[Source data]
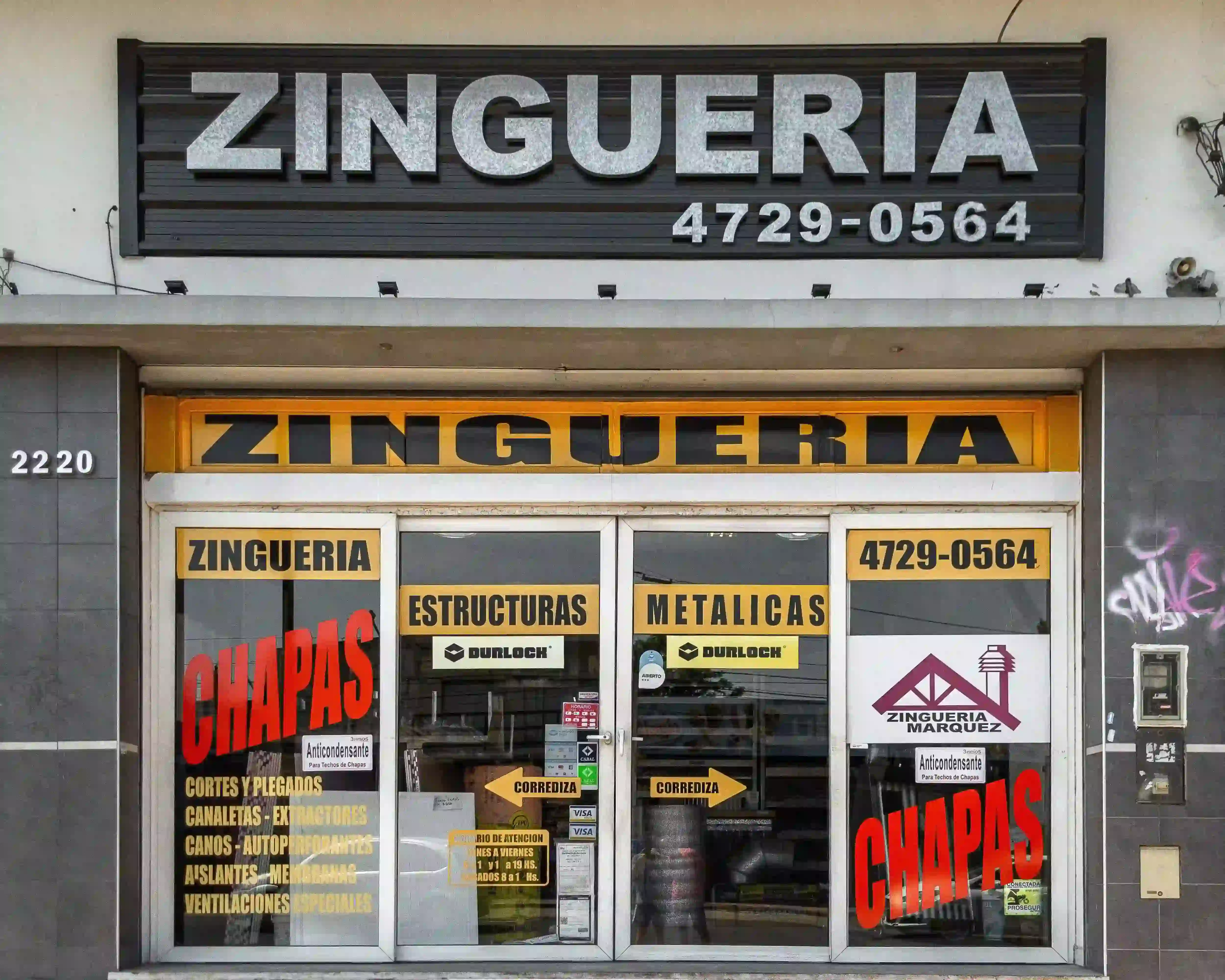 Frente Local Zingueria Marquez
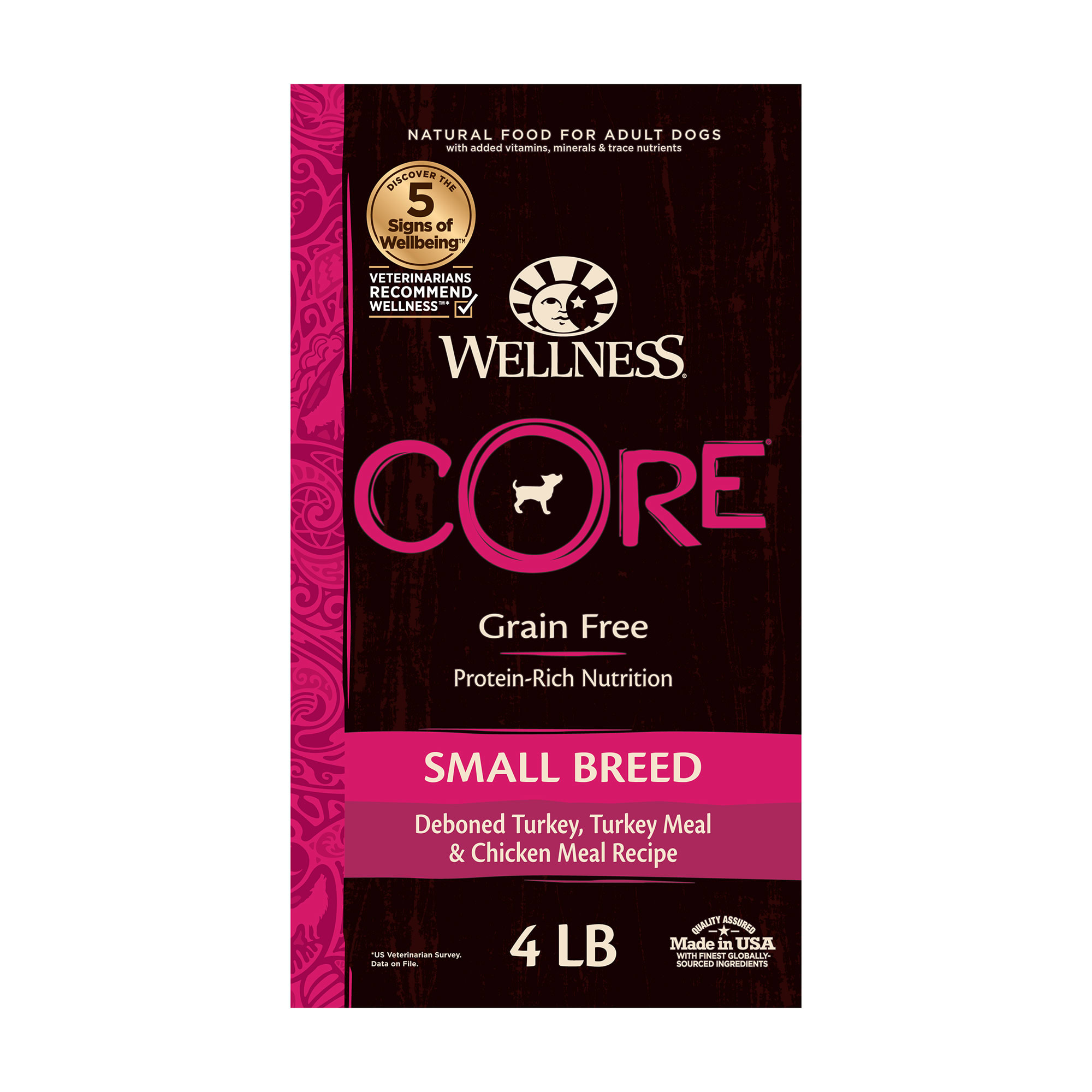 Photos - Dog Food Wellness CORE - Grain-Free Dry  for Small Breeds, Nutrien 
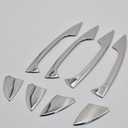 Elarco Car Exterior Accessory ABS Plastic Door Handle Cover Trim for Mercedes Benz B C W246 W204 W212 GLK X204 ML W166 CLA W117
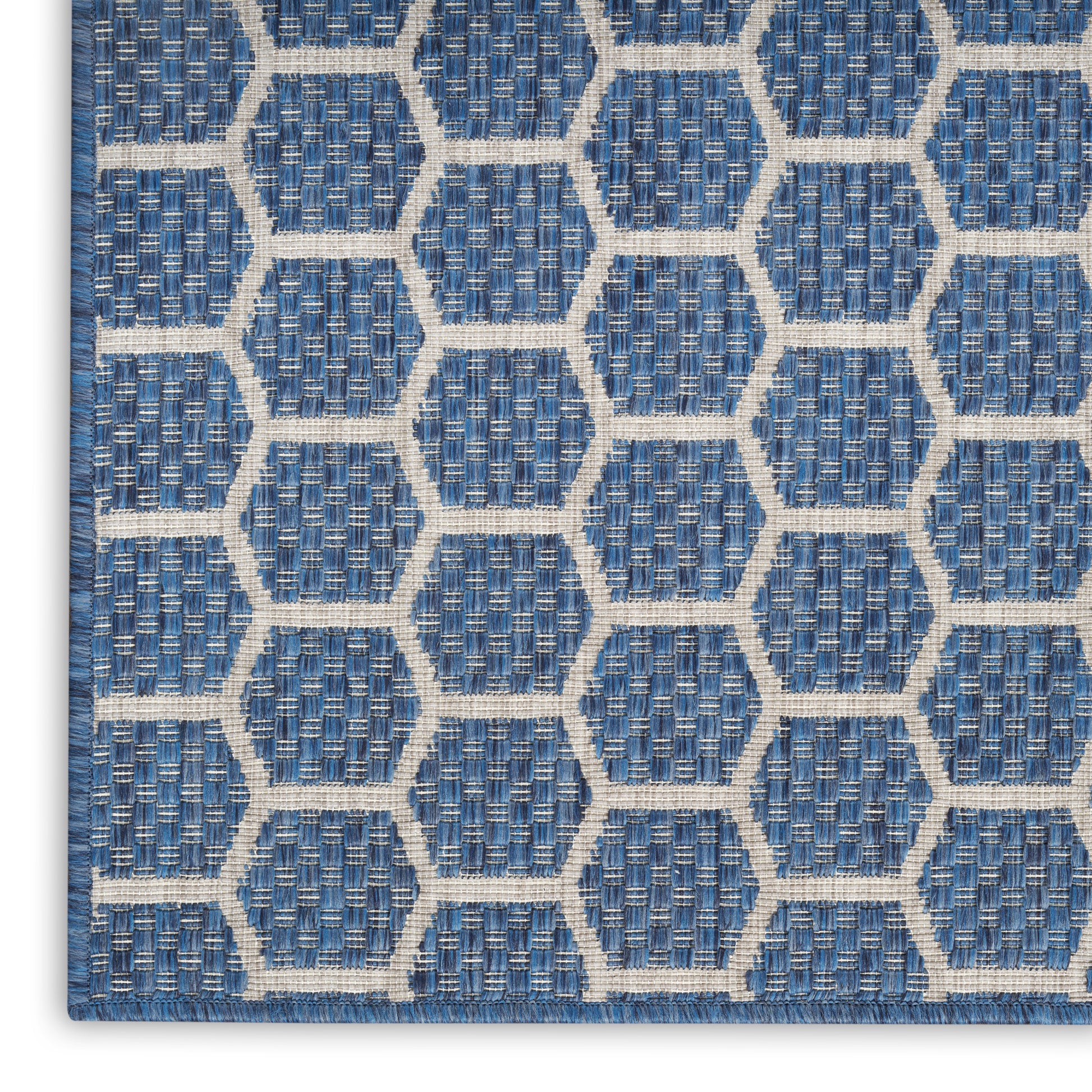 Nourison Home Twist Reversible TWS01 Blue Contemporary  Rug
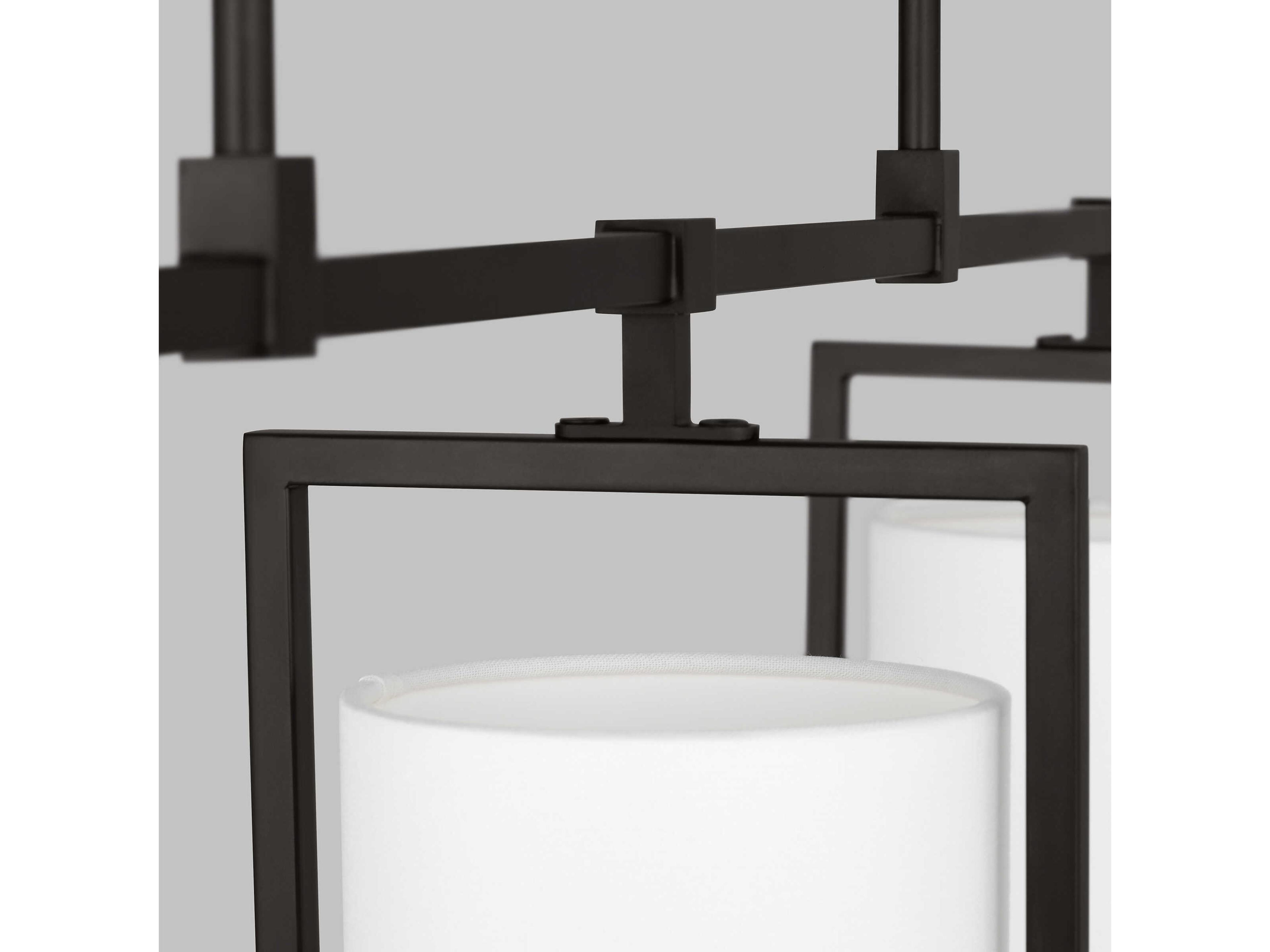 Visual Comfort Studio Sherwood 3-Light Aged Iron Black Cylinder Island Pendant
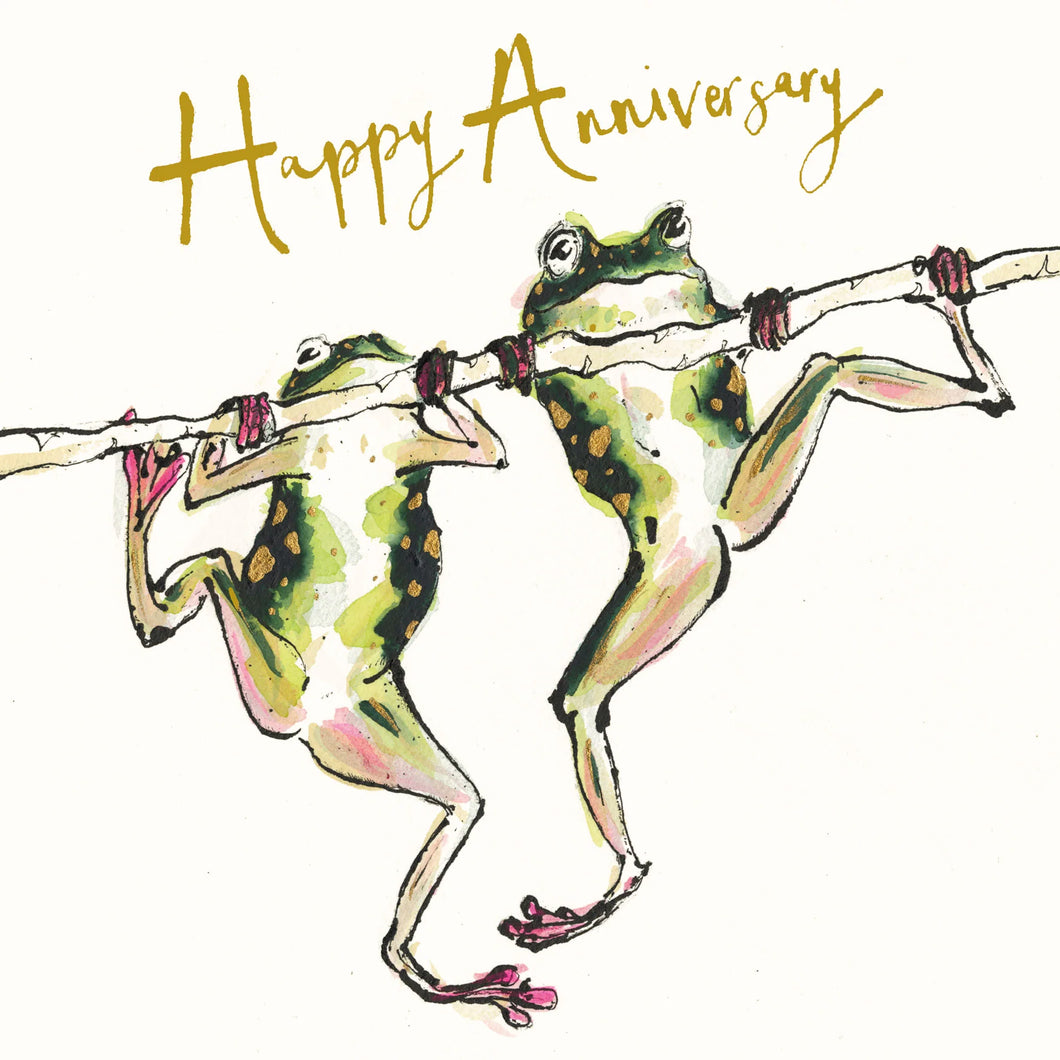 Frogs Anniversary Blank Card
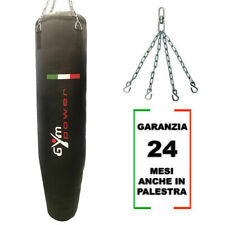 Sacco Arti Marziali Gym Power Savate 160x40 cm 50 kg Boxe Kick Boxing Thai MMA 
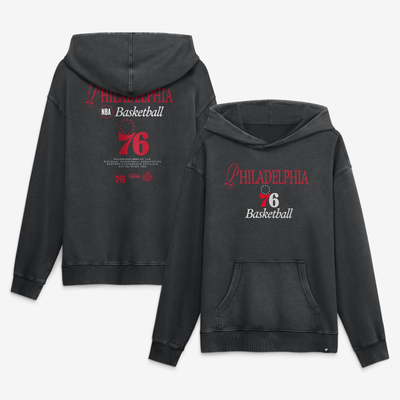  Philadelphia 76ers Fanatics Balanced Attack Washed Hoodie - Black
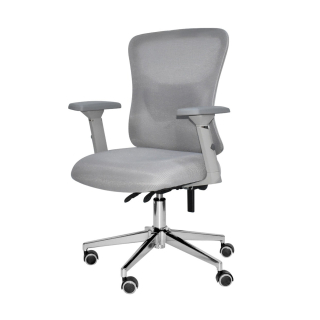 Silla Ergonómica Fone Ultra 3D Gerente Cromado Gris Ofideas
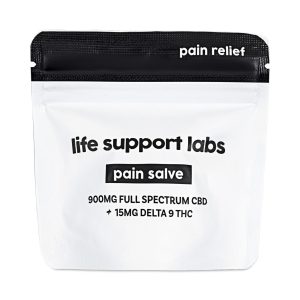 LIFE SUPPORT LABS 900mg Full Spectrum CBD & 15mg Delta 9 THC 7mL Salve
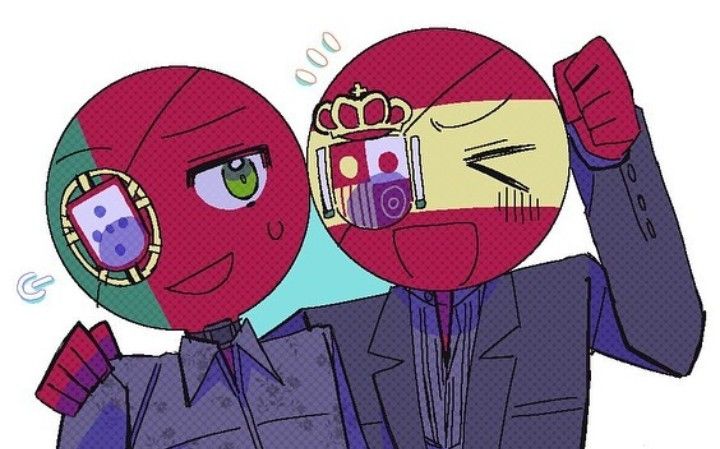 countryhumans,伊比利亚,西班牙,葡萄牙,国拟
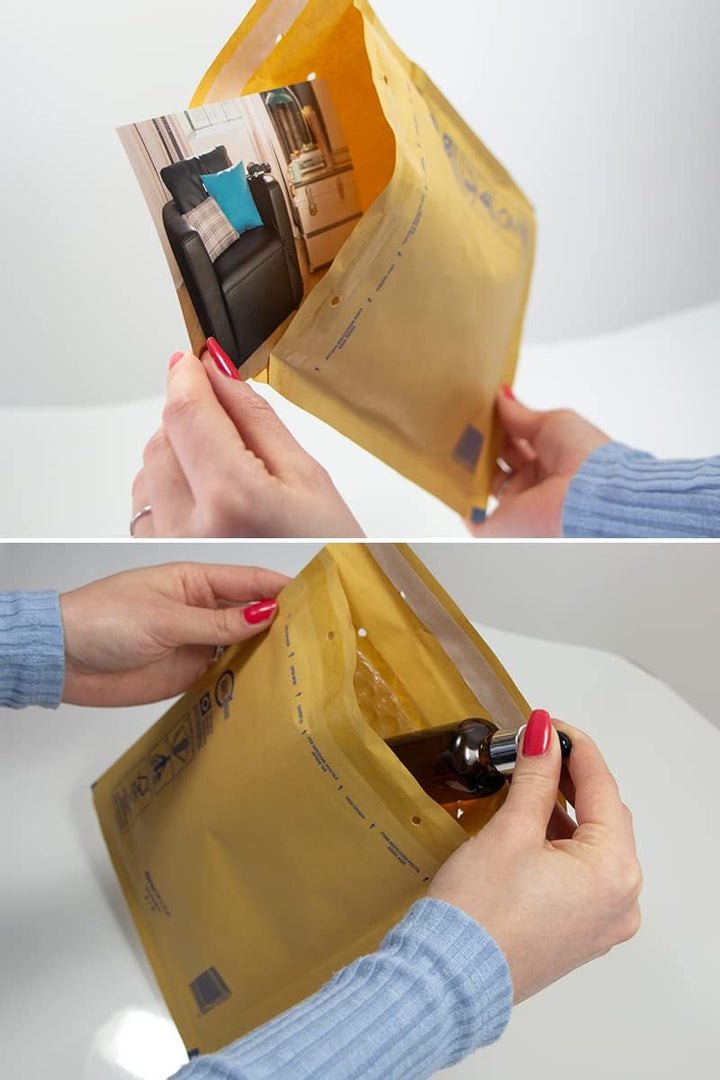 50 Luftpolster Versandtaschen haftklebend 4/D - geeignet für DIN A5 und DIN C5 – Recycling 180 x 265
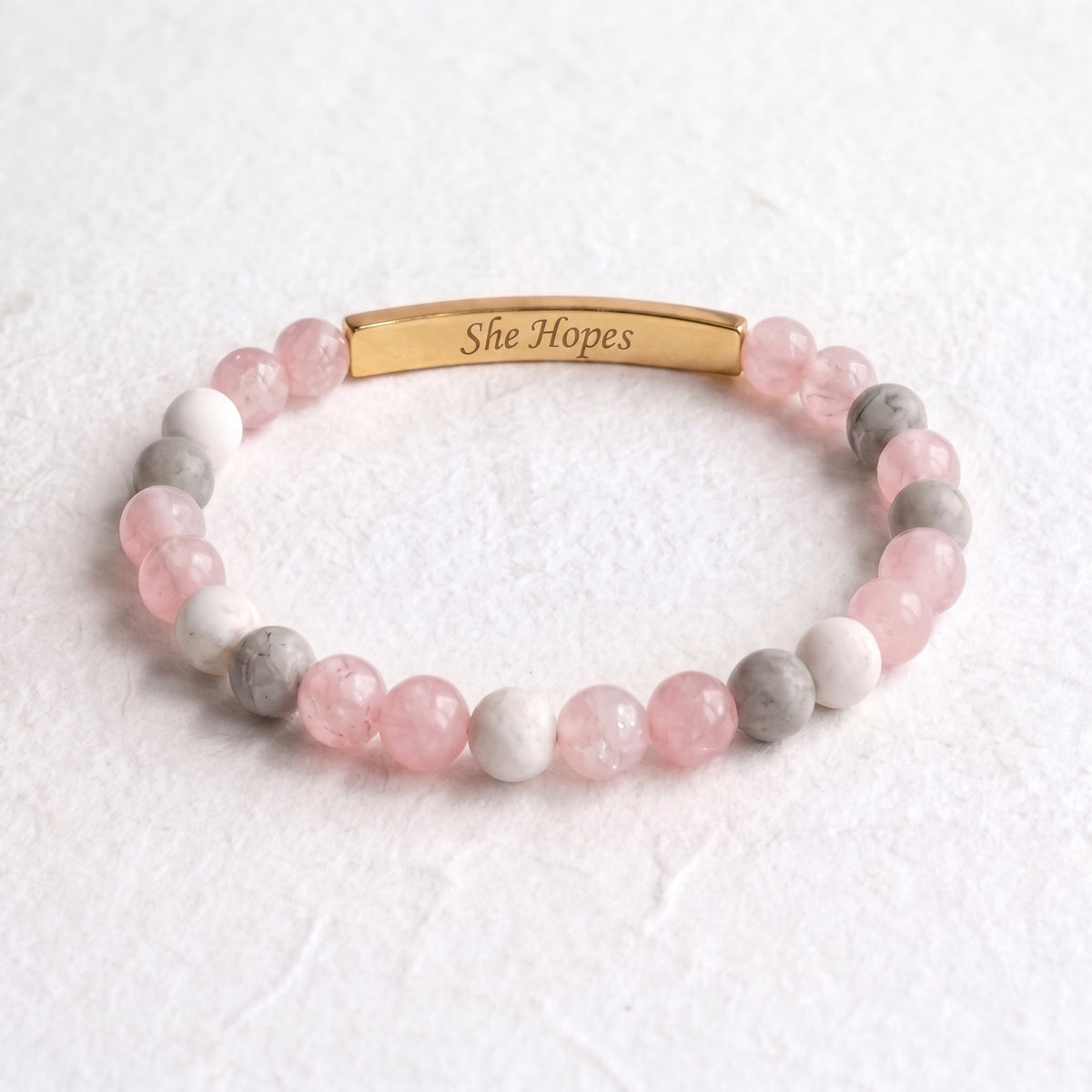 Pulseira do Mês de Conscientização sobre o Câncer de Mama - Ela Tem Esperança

▸ **THE TASK**
From the first line of the records down through the line containing "Sacco Arti Marziali", transcribe exactly those lines and no others, both ends kept, pictures dropped.

▸ **RESULT**
 Frente Local Zingueria Marquez
 Photos - Dog Food Wellness CORE - Grain-Free Dry  for Small Breeds, Nutrien 
 Elarco Car Exterior Accessory ABS Plastic Door Handle Cover Trim for Mercedes Benz B C W246 W204 W212 GLK X204 ML W166 CLA W117
 Nourison Home Twist Reversible TWS01 Blue Contemporary  Rug
 Visual Comfort Studio Sherwood 3-Light Aged Iron Black Cylinder Island Pendant
 Frogs Anniversary Blank Card
 Sacco Arti Marziali Gym Power Savate 160x40 cm 50 kg Boxe Kick Boxing Thai MMA 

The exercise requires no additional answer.